So far, we've mostly stuck to writing everything for our programs ourselves. One of the big advantages of Perl is that you don't need to do this. More than 1,000 people worldwide have contributed more than 5,000 utility packages, or modules, for common tasks.

In this installment, we'll learn how modules work by building one, and along the way we'll learn a bit about object-oriented programming in Perl.

What Is an Object?

Think back to the first article in this series, when we discussed the two basic data types in Perl, strings and numbers. There's a third basic data type: the object.

Objects are a convenient way of packaging information with the things you actually do with that information. The information an object contains is called its properties, and the things you can do with that information are called methods.

For example, you might have an AddressEntry object for an address book program - this object would contain properties that store a person's name, mailing address, phone number and e-mail address; and methods that print a nicely formatted mailing label or allow you to change the person's phone number.

During the course of this article, we'll build a small, but useful, class: a container for configuration file information.

Our Goal

So far, we've put the code for setting various options in our programs directly in the program's source code. This isn't a good approach. You may want to install a program and allow multiple users to run it, each with their own preferences, or you may want to store common sets of options for later. What you need is a configuration file to store these options.

We'll use a simple plain-text format, where name and value pairs are grouped in sections, and sections are indicated by a header name in brackets. When we want to refer to the value of a specific key in our configuration file, we call the key section.name.
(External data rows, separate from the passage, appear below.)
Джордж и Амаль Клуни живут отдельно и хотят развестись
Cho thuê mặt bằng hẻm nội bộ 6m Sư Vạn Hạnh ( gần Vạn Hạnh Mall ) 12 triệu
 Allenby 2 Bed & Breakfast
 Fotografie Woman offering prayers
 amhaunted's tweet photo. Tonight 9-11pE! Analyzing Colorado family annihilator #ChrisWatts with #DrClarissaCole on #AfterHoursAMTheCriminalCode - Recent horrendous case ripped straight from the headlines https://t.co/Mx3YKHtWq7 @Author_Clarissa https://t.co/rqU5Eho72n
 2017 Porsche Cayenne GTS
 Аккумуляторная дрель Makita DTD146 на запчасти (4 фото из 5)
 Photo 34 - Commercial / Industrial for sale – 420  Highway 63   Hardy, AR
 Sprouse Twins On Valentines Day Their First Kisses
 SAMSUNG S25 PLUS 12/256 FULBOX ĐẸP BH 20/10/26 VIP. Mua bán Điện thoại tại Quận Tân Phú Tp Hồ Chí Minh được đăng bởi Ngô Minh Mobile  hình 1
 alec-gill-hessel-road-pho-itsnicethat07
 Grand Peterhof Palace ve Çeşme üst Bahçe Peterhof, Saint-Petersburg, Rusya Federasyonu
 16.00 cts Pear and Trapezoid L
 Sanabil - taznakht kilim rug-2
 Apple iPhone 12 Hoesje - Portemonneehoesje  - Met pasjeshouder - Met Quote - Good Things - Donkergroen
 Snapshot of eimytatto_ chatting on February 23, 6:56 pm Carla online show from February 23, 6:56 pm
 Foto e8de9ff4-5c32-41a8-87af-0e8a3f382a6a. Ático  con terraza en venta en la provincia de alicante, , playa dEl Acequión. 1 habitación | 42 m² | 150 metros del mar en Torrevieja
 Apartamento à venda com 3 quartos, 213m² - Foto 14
For instance, the value of author.firstname in this simple file is ``Doug:''

   [author]
   firstname=Doug
   lastname=Sheppard

   [site]
   name=Perl.com
   url=http://www.perl.com/

(If you used Windows in the ancient days when versions had numbers, not years, you'll recognize this as being similar to the format of INI files.)

Now that we know the real-world purpose of our module, we need to think about what properties and methods it will have: What do TutorialConfig objects store, and what can we do with them?

The first part is simple: We want the object's properties to be the values in our configuration file.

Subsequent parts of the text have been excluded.